Though there is never one report or tool that can give you certainty about where prices are headed in the future, the COT report does allow the small investors a way to see what larger traders are doing and to possibly position their positions accordingly. For example, if there is a large managed money short interest in gold, that is often an indicator that a rally may be coming because the market is overly pessimistic and saturated with shorts - so you may want to take a long position.
The big disadvantage to the COT report is that it is issued on Friday but only contains Tuesday's data - so there is a three-day lag between the report and the actual positioning of traders. This is an eternity by short-term investing standards, and by the time the new report is issued it has already missed a large amount of trading activity.
There are many different ways to read the COT report, and there are many analysts that focus specifically on this report (we are not one of them) so we won't claim to be the experts on it. What we focus on in this report is the "Managed Money" positions and total open interest as it gives us an idea of how much interest there is in the gold market and how the short-term players are positioned.
This Week's Gold COT Report
This week's report showed speculative gold longs decreased their positions for the second week in a row, while shorts also decreased their positions.
While speculative gold longs decreased their positions again, the current outstanding long position of a little under 294,000 contracts is still the fourth highest on record - thus, there is certainly room to pull back further.
Moving on, the net position of all gold traders can be seen below:
Source: Sharelynx Gold Charts
The red line represents the net speculative gold positions of money managers (the biggest category of speculative trader), and as investors can see, speculative traders have taken a break from their parabolic rise and sit at a net long position of 264,000 contracts.

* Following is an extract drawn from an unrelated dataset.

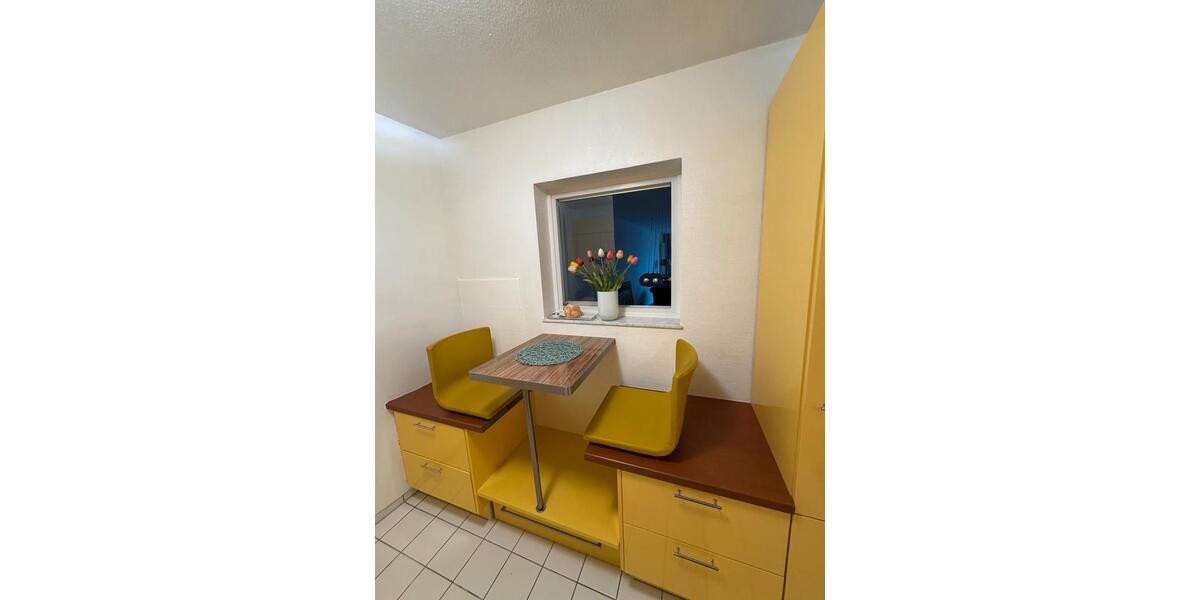 Etagenwohnung Bremen - 2 Zimmer, 78 m&sup2;, 1.200&euro; | Angebot:25646145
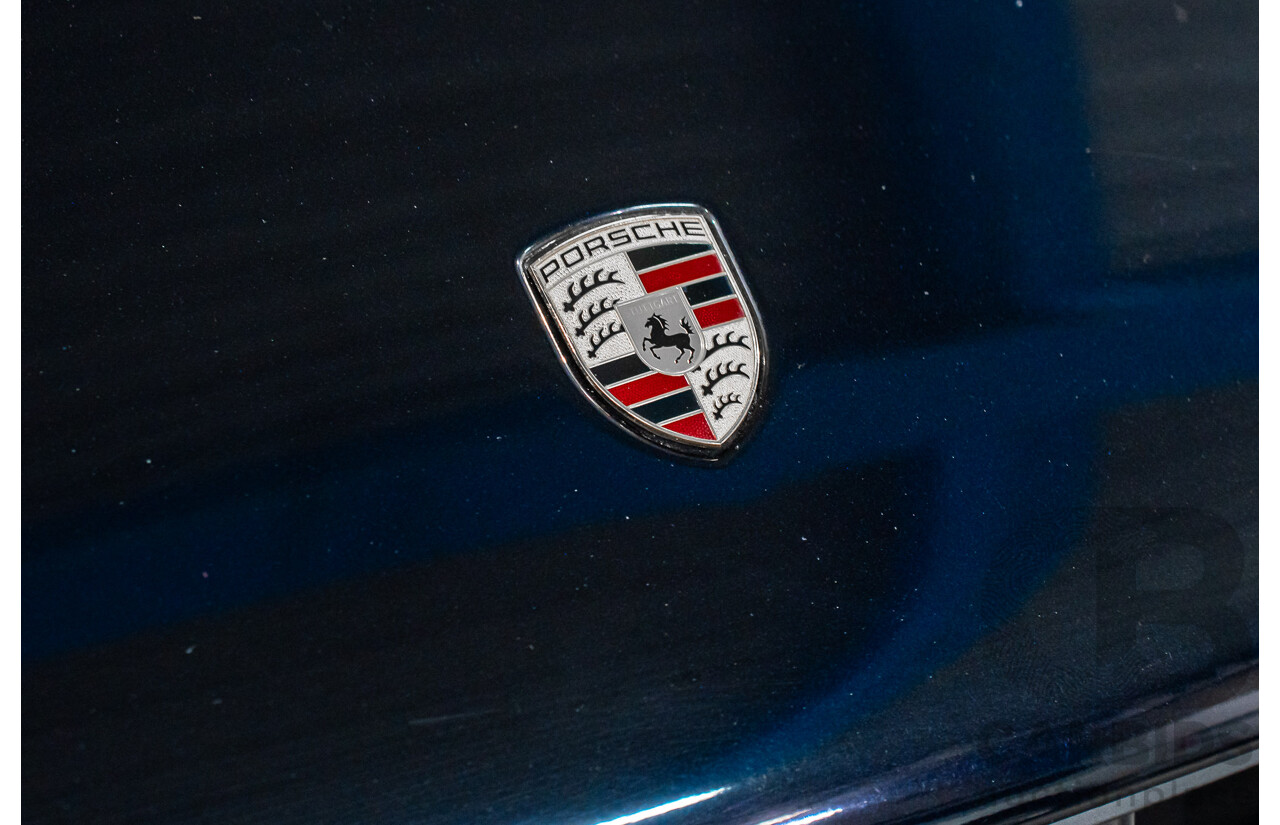 01/2016 Porsche Macan Turbo (AWD) MY16 4d Wagon Jet Black Metallic Twin Turbo V6 3.6L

As for silver, the week's action looked like the following:
Source: Sharelynx Gold Charts
The red line, which represents the net speculative positions of money managers, increased by a little more than 6,000 contracts while shorts decreased by a mere 200 contracts. This is the second week that we have seen a divergence from gold as speculative silver positions continue to increase while gold speculators have reduced from record-high levels. We are not sure why this is occurring, but we are not sure it is really sustainable unless we see significant industrial silver uptake - and we simply don't envision that with the weak global economy.
Our Take and What This Means For Investors
While the focus last weekend was on the Turkish coup, and while that may have significant geopolitical consequences moving forward, currently it had only a minor impact on the gold market during the week. For the second week in a row, we saw gold speculators pulling back as they reduced both long and short positions from historic levels. In our view, this is good as we would rather be investing in gold when market conditions are a bit more balanced rather than going long while positions are already at historically long levels. Interestingly enough, while gold speculators were pulling back, silver speculators were once again increasing their own positions despite the weakness seen in gold during the week - for us this is a bit of a warning sign as we do not think silver currently has the industrial strength to hold its own if the gold price continues to weaken.
We are getting a bit closer to levels where we would want to reinitiate some of the gold positions we have sold - but not quite yet. Thus, we think investors should hold off or lighten up on gold positions in the ETFs and miners such as the SPDR Gold Trust ETF (NYSEARCA:GLD), the ETFS Physical Swiss Gold Trust ETF (NYSEARCA:SGOL), and miners such as Randgold (GOLD) and Barrick Gold (NYSE:ABX). Currently, we do not see justification for the divergence between gold and silver and thus we think it is not a good time to be invested in the silver miners or ETFs such as the iShares Silver Trust (NYSEARCA:SLV).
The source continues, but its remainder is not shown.